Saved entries
'''
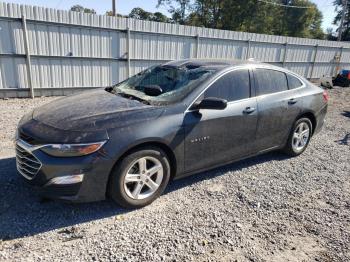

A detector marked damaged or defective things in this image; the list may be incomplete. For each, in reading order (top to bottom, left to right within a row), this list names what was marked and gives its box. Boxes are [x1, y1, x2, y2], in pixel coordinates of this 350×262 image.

damaged front hood [32, 89, 165, 132]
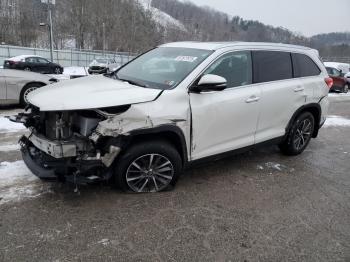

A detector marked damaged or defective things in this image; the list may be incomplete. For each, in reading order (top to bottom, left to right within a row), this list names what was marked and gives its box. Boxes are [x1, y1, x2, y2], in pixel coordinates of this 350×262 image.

crumpled hood [27, 74, 163, 111]
damaged front end [11, 105, 130, 184]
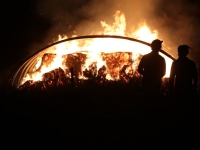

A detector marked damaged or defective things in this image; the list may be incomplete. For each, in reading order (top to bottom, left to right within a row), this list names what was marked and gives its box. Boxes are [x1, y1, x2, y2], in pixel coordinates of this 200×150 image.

charred metal framework [8, 35, 175, 88]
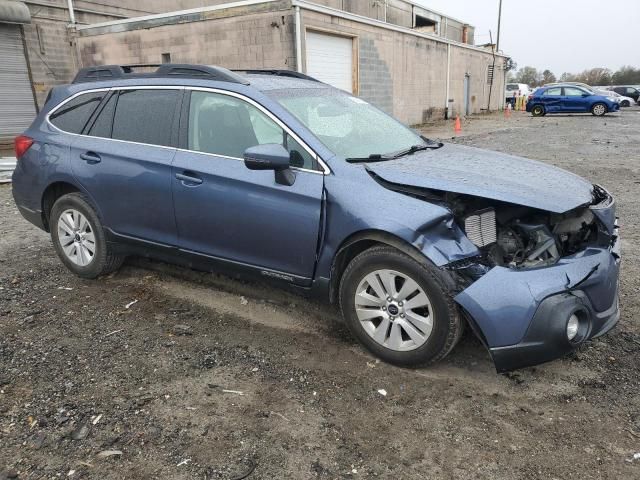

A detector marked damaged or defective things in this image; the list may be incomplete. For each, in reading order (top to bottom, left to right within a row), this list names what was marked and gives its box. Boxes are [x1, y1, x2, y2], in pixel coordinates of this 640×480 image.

crumpled front hood [370, 142, 596, 211]
damaged front bumper [452, 219, 624, 374]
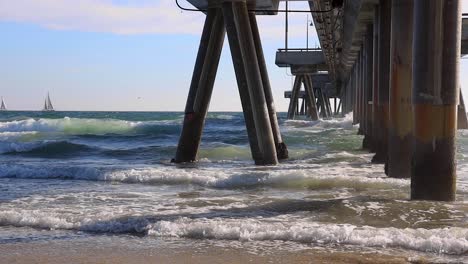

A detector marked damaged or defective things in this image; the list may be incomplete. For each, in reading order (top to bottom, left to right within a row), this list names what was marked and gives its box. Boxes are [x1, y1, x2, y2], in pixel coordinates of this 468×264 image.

rusty metal pole [176, 8, 227, 163]
rusty metal pole [223, 0, 278, 165]
rusty metal pole [250, 12, 288, 159]
rusty metal pole [372, 0, 392, 166]
rusty metal pole [388, 0, 414, 178]
rusty metal pole [412, 0, 462, 200]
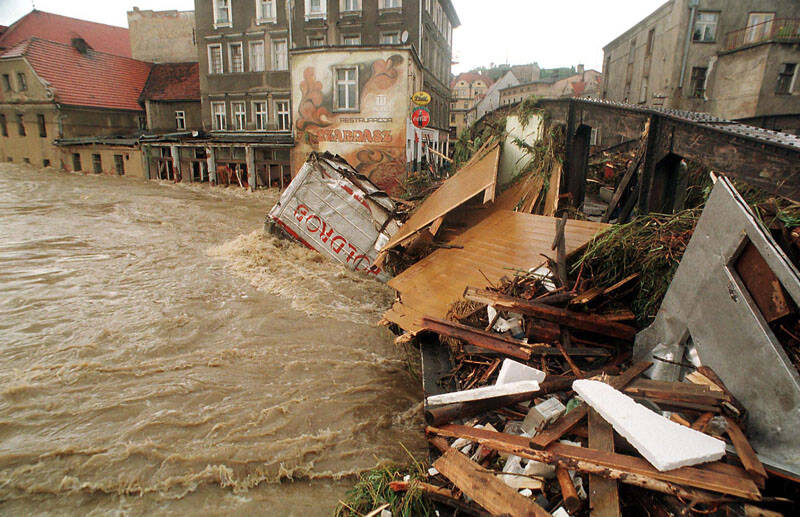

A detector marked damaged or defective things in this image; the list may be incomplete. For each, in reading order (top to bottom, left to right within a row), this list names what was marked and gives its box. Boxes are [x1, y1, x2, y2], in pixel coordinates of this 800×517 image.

damaged building facade [604, 0, 800, 135]
overturned truck trailer [268, 152, 400, 280]
broken wooden plank [418, 314, 532, 358]
splintered wood beam [418, 314, 532, 358]
splintered wood beam [462, 286, 636, 338]
broken wooden plank [462, 288, 636, 340]
splintered wood beam [532, 360, 648, 450]
broken wooden plank [528, 362, 652, 448]
broken wooden plank [432, 448, 552, 516]
splintered wood beam [432, 448, 552, 516]
splintered wood beam [432, 424, 764, 500]
broken wooden plank [432, 424, 764, 500]
splintered wood beam [584, 408, 620, 516]
broken wooden plank [588, 408, 620, 516]
broken wooden plank [724, 416, 768, 488]
splintered wood beam [724, 416, 768, 488]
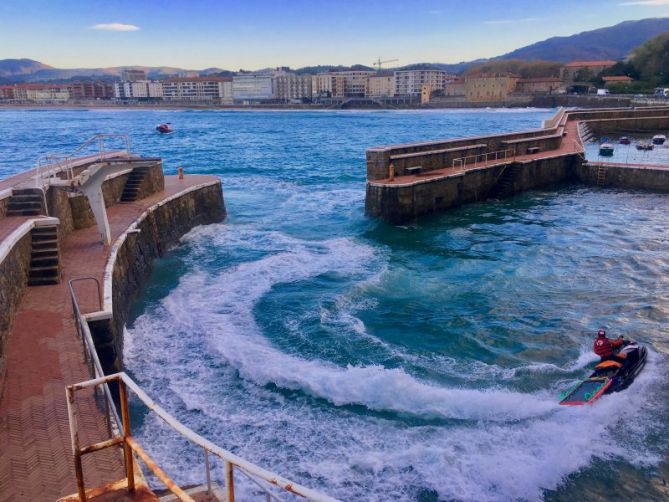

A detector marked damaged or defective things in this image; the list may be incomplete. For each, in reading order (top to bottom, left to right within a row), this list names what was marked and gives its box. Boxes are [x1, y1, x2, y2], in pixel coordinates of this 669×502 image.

rusty metal post [65, 386, 87, 500]
rusty metal post [118, 380, 135, 490]
rusty railing [66, 372, 340, 502]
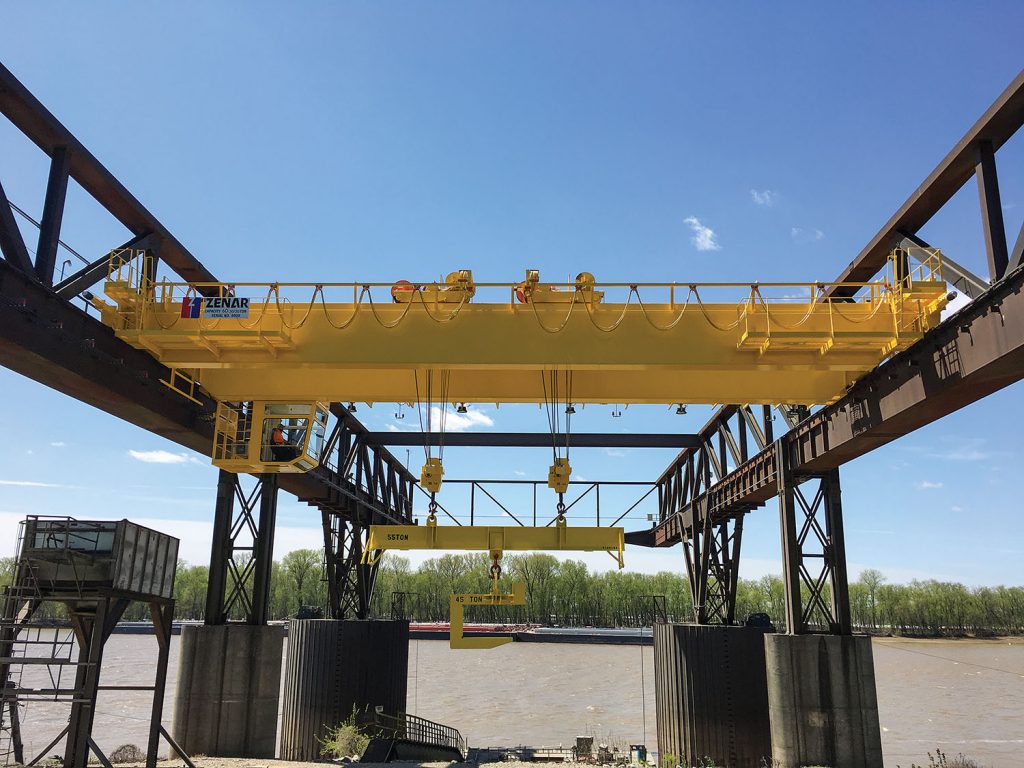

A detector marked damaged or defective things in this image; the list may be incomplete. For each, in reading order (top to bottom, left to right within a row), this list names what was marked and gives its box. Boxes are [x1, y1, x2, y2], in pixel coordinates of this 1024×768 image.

rusty steel beam [0, 62, 216, 286]
rusty steel beam [831, 67, 1024, 296]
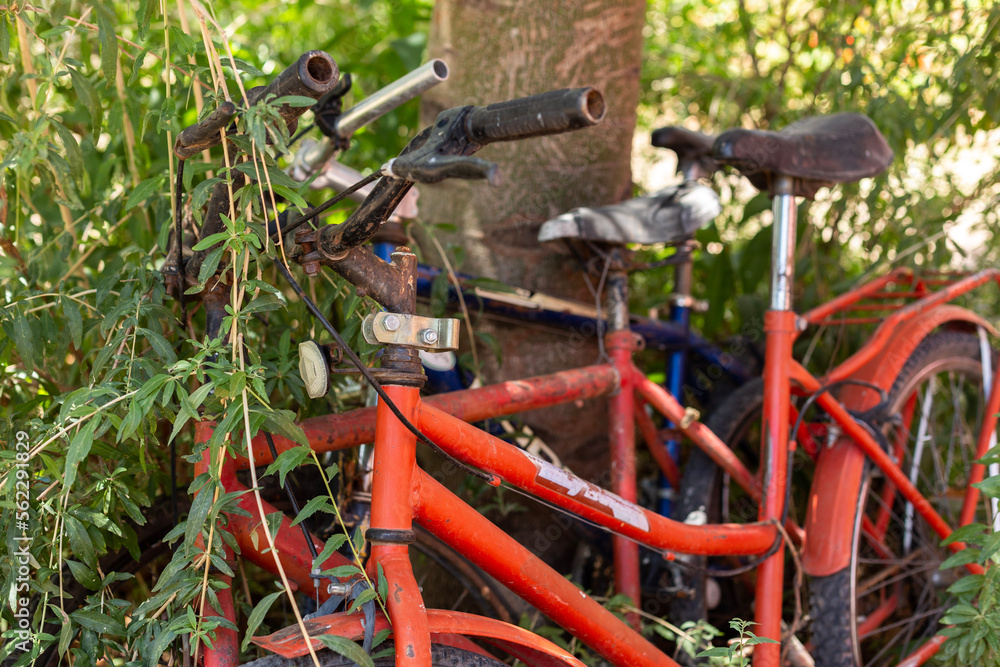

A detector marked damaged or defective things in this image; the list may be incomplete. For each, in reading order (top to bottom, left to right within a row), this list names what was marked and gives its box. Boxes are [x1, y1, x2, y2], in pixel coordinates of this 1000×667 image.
'''
INSTRUCTIONS FOR THE TASK -
Output the records above exactly; leave out the pictures.

RESPONSE FOR THIS EXERCISE -
A detector marked damaged or defective things in this image; the list may be incomplete. For each, in reading order (top to bottom, left to right within a row), this list names what was marked and gives its box. Boxes are [x1, y1, x2, y2], in pixel coordinates of this 350×262 image.

damaged front hood [32, 89, 165, 132]

A detector marked damaged or defective things in this image; the list may be incomplete. For each, in reading order (top to bottom, left to right within a row), this list names what was marked and gives its box. Boxes are [x1, y1, x2, y2], in pixel coordinates of this 350×262 image.

crumpled hood [27, 74, 163, 111]
damaged front end [11, 105, 130, 184]

A detector marked damaged or defective things in this image; the list may be incomplete. For each, in reading order (top to bottom, left to right within a row), this list names what was marked and gives its box. Boxes are [x1, y1, x2, y2], in pixel coordinates of this 200×150 image.

charred metal framework [8, 35, 175, 88]

A detector marked damaged or defective things in this image; the list may be incomplete. For each, in reading order (top to bottom, left to right within a row), this list names what was marked and gives its box. Boxes are [x1, y1, x2, y2], in pixel coordinates of this 640×480 image.

crumpled front hood [370, 142, 596, 211]
damaged front bumper [452, 219, 624, 374]

A detector marked damaged or defective things in this image; the list may be incomplete. For each, in reading order (top to bottom, left to right within a row), this list names what was marked and gives its box. Boxes are [x1, y1, x2, y2], in pixel coordinates of this 468×264 image.

rusty metal pole [176, 8, 227, 163]
rusty metal pole [223, 0, 278, 165]
rusty metal pole [250, 12, 288, 159]
rusty metal pole [372, 0, 392, 166]
rusty metal pole [388, 0, 414, 178]
rusty metal pole [412, 0, 462, 200]

A detector marked damaged or defective things in this image; the list may be incomplete. For each, in reading order (top to bottom, left to right within a row), this list names what was marked and gives its box. Boxes are [x1, y1, x2, y2], in pixel coordinates of this 800×517 image.

damaged building facade [604, 0, 800, 135]
overturned truck trailer [268, 152, 400, 280]
broken wooden plank [418, 314, 532, 358]
splintered wood beam [418, 314, 532, 358]
splintered wood beam [462, 286, 636, 338]
broken wooden plank [462, 288, 636, 340]
splintered wood beam [532, 360, 648, 450]
broken wooden plank [528, 362, 652, 448]
broken wooden plank [432, 448, 552, 516]
splintered wood beam [432, 448, 552, 516]
splintered wood beam [432, 424, 764, 500]
broken wooden plank [432, 424, 764, 500]
splintered wood beam [584, 408, 620, 516]
broken wooden plank [588, 408, 620, 516]
broken wooden plank [724, 416, 768, 488]
splintered wood beam [724, 416, 768, 488]

A detector marked damaged or defective things in this image; the list may be incomplete. For each, in reading order (top to bottom, left to right within a row), this list names what was marked and gives its box. Boxes are [x1, y1, x2, y2], in pixel coordinates of this 669×502 image.

rusty metal post [65, 386, 87, 500]
rusty metal post [118, 380, 135, 490]
rusty railing [66, 372, 340, 502]

A detector marked damaged or defective things in this image; the list may be incomplete. For each, in reading order (top to bottom, left to right within a row), this list names what was marked and gives its box. Boxes are [x1, y1, x2, y2], in pixel coordinates of this 1024×768 image.

rusty steel beam [0, 62, 216, 286]
rusty steel beam [831, 67, 1024, 296]

A detector marked damaged or defective things in this image; the list may be incomplete. For each, in reading order (top to bottom, left to right within a row), this list names what was marked and gives its box. Boxes are [x1, y1, x2, y2], in pixel coordinates of this 1000×667 image.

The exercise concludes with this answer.